Using the ACL in HAProxy for Load Balancing Named Virtual Hosts

Until recently, I wasn’t aware of the ACL system in HAProxy, but once I found it I realized that I have been missing a very important part of load balancing with HAProxy!

While the full configuration settings available for the ACL are listed in the configuration doc, the below example includes the basics that you’ll need to build an HAProxy load balancer that supports multiple host headers.

Here is a quick example haproxy configuration file that uses ACLs:

global
    log 127.0.0.1 local0
    log 127.0.0.1 local1 notice
    maxconn 4096
    user haproxy
    group haproxy
    daemon

defaults
    log global
    mode http
    option httplog
    option dontlognull
    retries 3
    option redispatch
    maxconn 2000
    contimeout 5000
    clitimeout 50000
    srvtimeout 50000

frontend http-in
    bind *:80
    acl is_www_example_com hdr_end(host) -i example.com
    acl is_www_domain_com hdr_end(host) -i domain.com
    
    use_backend www_example_com if is_www_example_com
    use_backend www_domain_com if is_www_domain_com
    default_backend www_example_com

backend www_example_com
    balance roundrobin
    cookie SERVERID insert nocache indirect
    option httpchk HEAD /check.txt HTTP/1.0
    option httpclose
    option forwardfor
    server Server1 10.1.1.1:80 cookie Server1
    server Server2 10.1.1.2:80 cookie Server2

backend www_domain_com
    balance roundrobin
    cookie SERVERID insert nocache indirect
    option httpchk HEAD /check.txt HTTP/1.0
    option httpclose
    option forwardfor
    server Server1 192.168.5.1:80 cookie Server1
    server Server2 192.168.5.2:80 cookie Server2

In HAProxy 1.3, the ACL rules are placed in a “frontend” and (depending on the logic) the request is proxied through to any number of “backends”. You’ll notice in our frontend entitled “http-in” that I’m checking the host header using the hdr_end feature.
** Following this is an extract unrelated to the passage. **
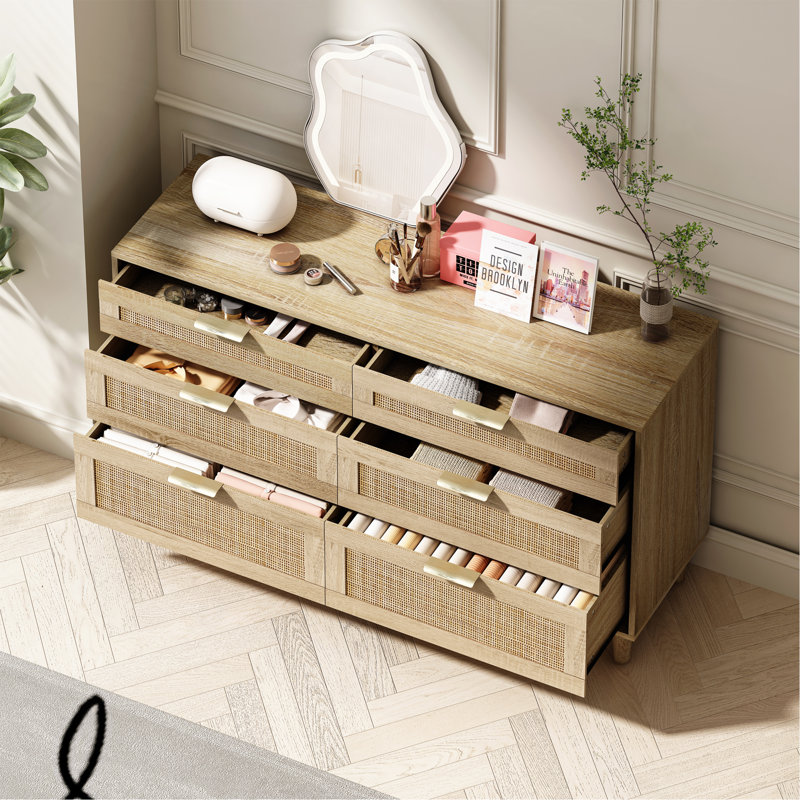 Commode en rotin avec 6 tiroirs, poignées en bois et en métal pour le rangement et l'organisation de la chambre à coucher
This feature performs a simple check on the host header to see if it ends with the provided argument.

You can find the rest of the Layer 7 matching options by searching for “7.5.3. Matching at Layer 7” in the configuration doc I linked to above. A few of the options I didn’t use but you might find useful are path_beg, path_end, path_sub, path_reg, url_beg, url_end, url_sub, and url_reg. The *_reg commands allow you to perform RegEx matching on the url/path, but there is the usual performance consideration you need to make for RegEx (especially since this is a load balancer).

The first “use_backend” that matches a request will be used, and if none are matched, then HAProxy will use the “default_backend”. You can also combine ACL rules in the “use_backend” statements to match one or more rules. See the configuration doc for more helpful info.

If you’re looking to use HAProxy with SSL, that requires a different approach, and I’ll blog about that soon.